Probability of counts from the counting rate of a radioactive sample?

[carnivalcougar]

Homework Statement

The average counting rate of a radioactive sample is 486 cpm (counts per minute). Find the probability that in any given 10s interval one gets less than 72 counts. Is this the same as the probability of getting less than 72 X 6 = 432 counts in 60s?

Homework Equations

The Attempt at a Solution

I'm not really sure where to start. I do not think that the probability of less than 72 counts in 10s is the same as getting less than 72 x 6 counts in 60s though.

 

[Curious3141]

Radioactive decay can be modeled as a Poisson process. You're given the average event rate (486cpm = 81 counts per 10 sec interval). The variance equals the mean (here that's the average event count for the respective time interval).

Remember that for a sufficiently large mean, the Poisson can be well-approximated by the normal distribution, with a continuity correction applied. That should simplify the calculations.

Does that help?

 

[carnivalcougar]

We were not told what a Poisson process is, just that the standard deviation will equal to \sqrt{navg} where navg is the average number of counts, n. If there are 468 counts per minute then the average count rate /10s will be 81 and the standard deviation of that will be 9. So you would get less than 72 counts 15.8% of the time if you use a normal distribution (15.8% of values will lie below one standard deviation).

As for the probability of getting less than 72 X 6 = 432 counts in 60S, this is not the same because one standard deviation from 486 is 464.

Is this correct?

 

[Curious3141]

We were not told what a Poisson process is, just that the standard deviation will equal to \sqrt{navg} where navg is the average number of counts, n.
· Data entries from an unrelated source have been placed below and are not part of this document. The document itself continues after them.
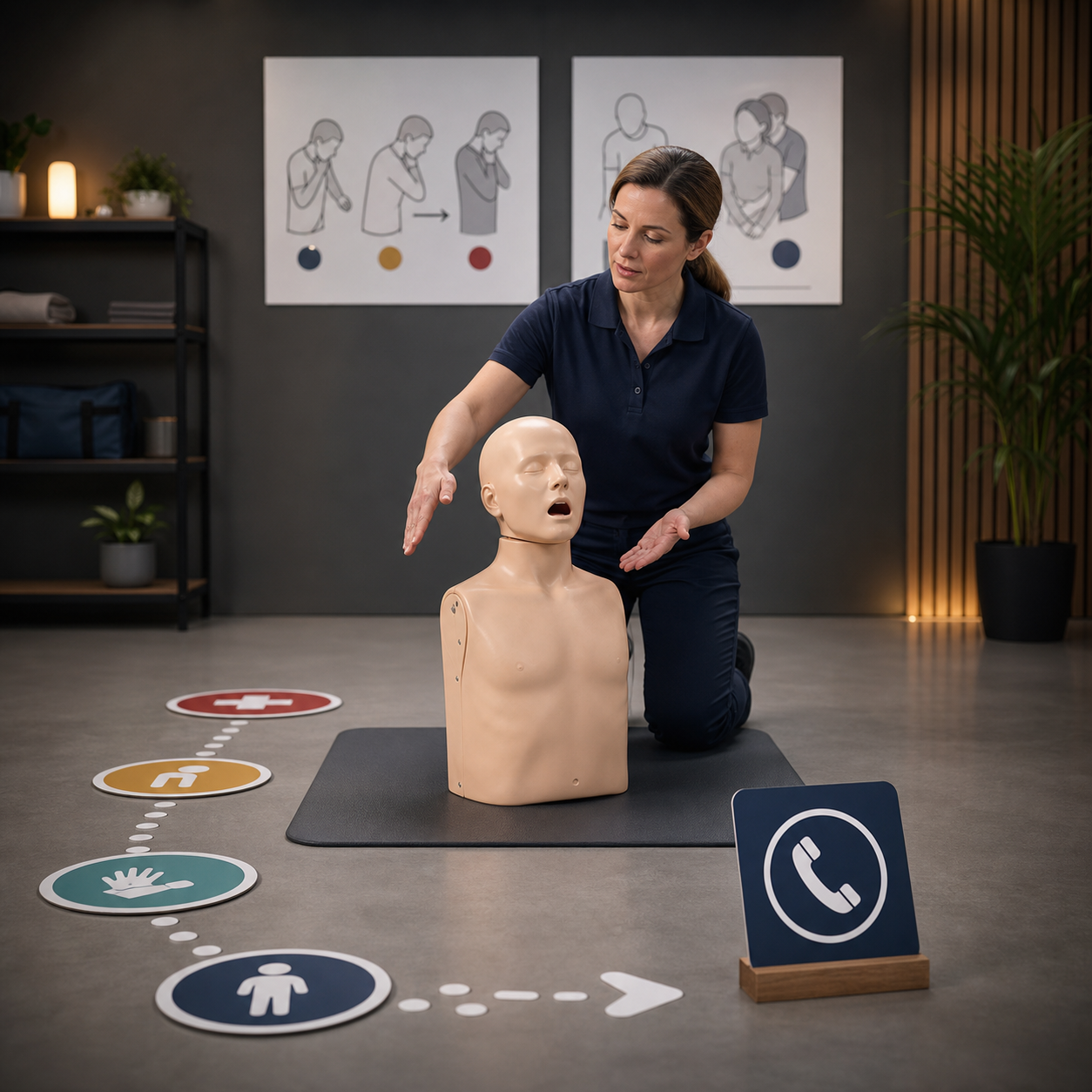 Certified instructor organizes a traditional choking first aid response sequence using a clearly synthetic adult training mannequin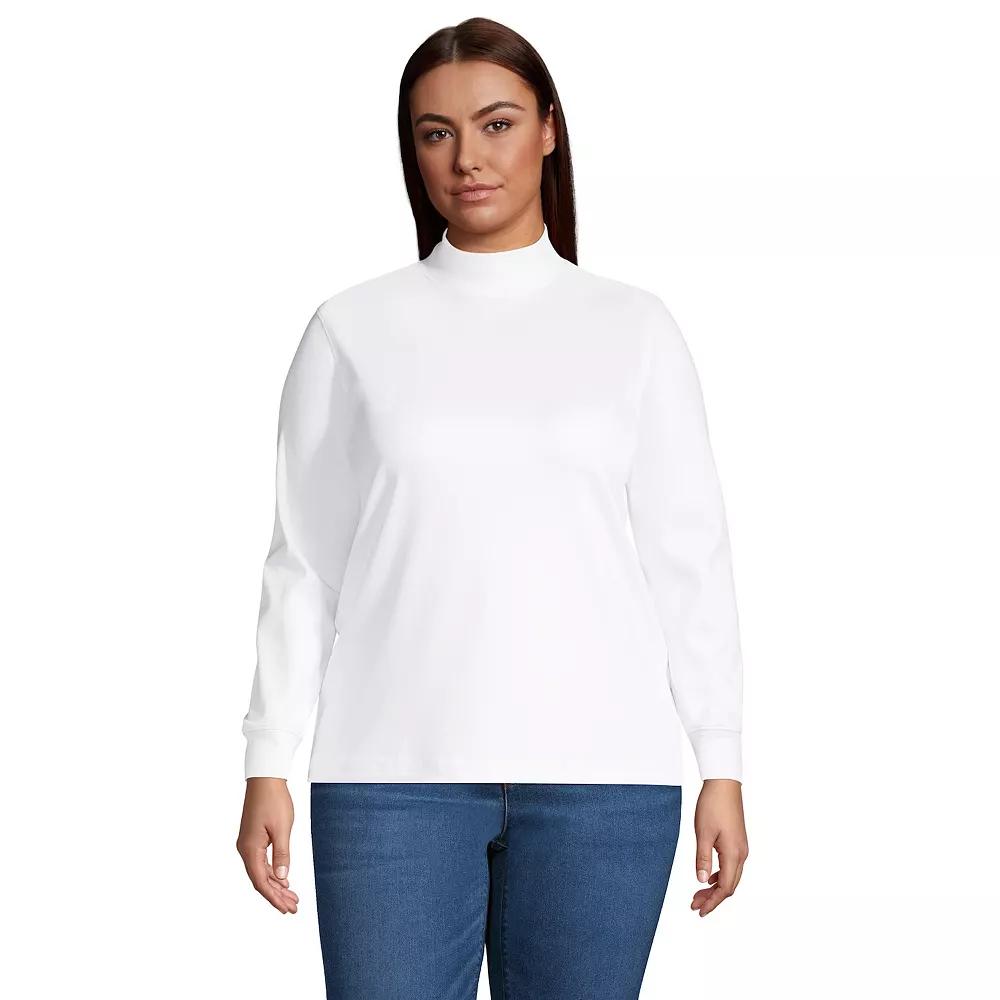 Plus Size Lands' End Supima Cotton Mockneck Top, Women's, Size: 1XL, White Product Image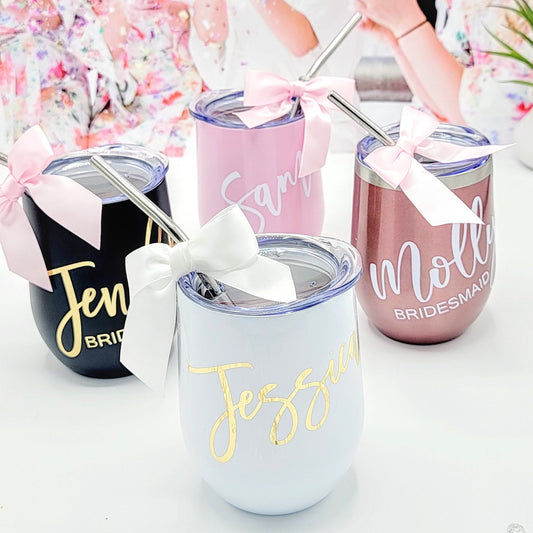 Personalized Wine Tumbler, Bridesmaid Gift, Bridesmaid Proposal, Personalized Wine Glasses, Custom Wine Glasses, Custom Wine Tumbler-BDWT001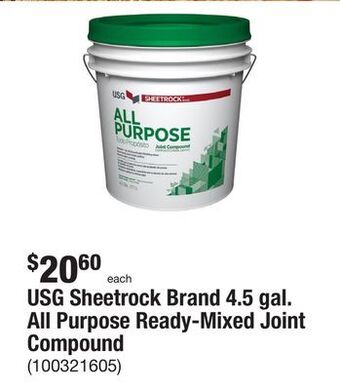 The Home Depot Usg sheetrock brand 4.5 gal. all purpose ready-mixed joint compound offer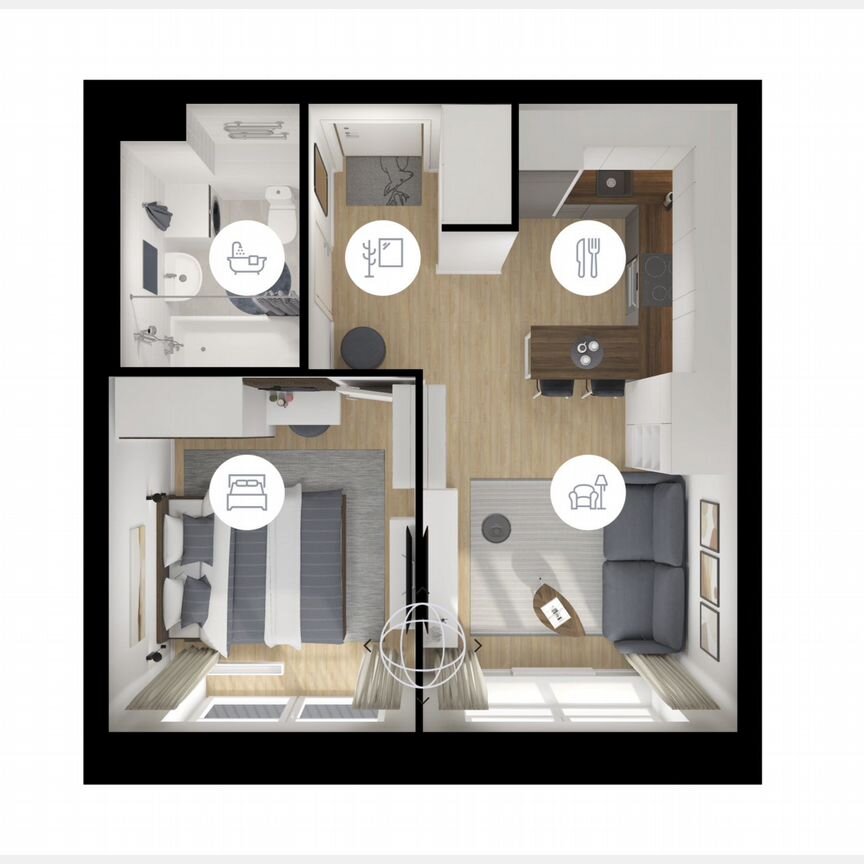 1-к. квартира, 34,3 м², 5/12 эт.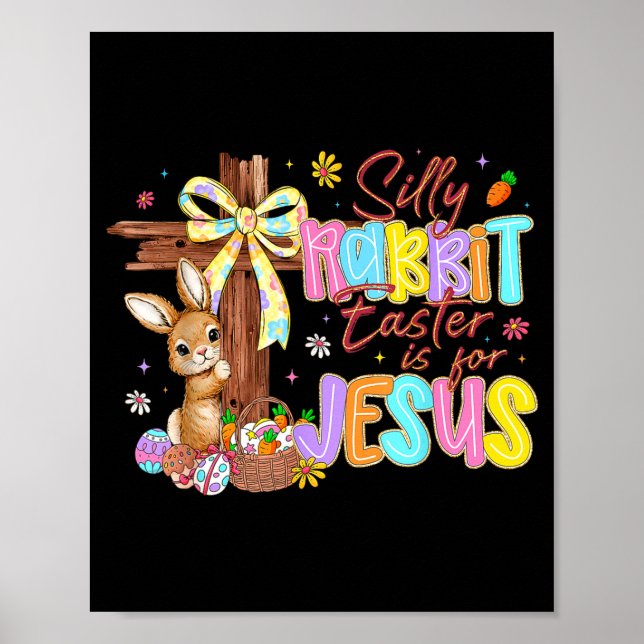 Poster Coelho Bobo Páscoa É Para Jesus Crianças Meninas M (Frente)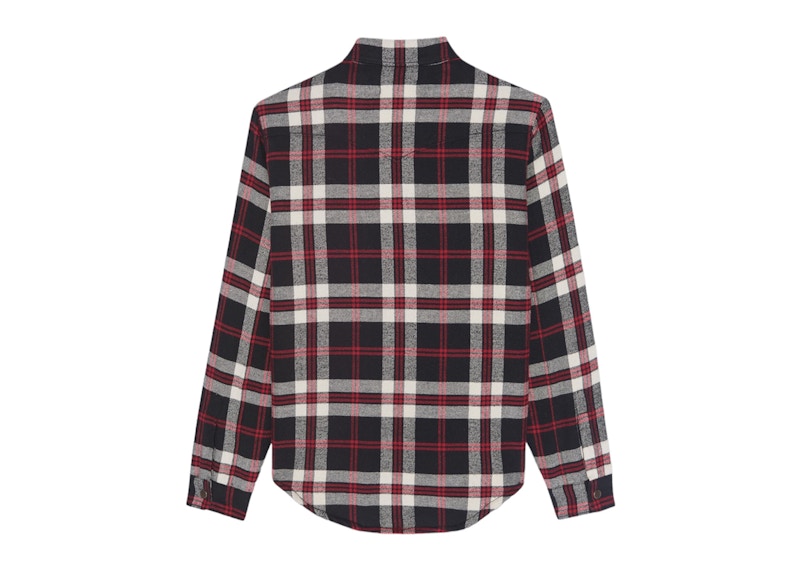 Saint Laurent Checked Vintage Sherling Shirt Red/Black/White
If there are 468 counts per minute then the average count rate /10s will be 81 and the standard deviation of that will be 9. So you would get less than 72 counts 15.8% of the time if you use a normal distribution (15.8% of values will lie below one standard deviation).

This is OK *if* you're not supposed to know about a Poisson process and if you're expected to apply the normal distribution without a continuity correction.
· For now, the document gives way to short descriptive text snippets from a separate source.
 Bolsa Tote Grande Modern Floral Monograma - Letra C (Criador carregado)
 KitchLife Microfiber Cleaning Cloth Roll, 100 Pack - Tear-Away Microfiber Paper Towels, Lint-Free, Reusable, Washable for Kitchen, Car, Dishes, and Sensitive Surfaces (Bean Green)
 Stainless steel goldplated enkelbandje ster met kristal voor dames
However, applying a continuity correction means you have to find $P(X \leq 71.5)$ in a normal distribution with mean 81 and s.d. 9, which is 0.145 or 14.5%.

Doing it by hand for a Poisson distribution is almost impossible, but a Poisson calculator will give a very similar value.

As for the probability of getting less than 72 X 6 = 432 counts in 60S, this is not the same because one standard deviation from 486 is 464.

Correct.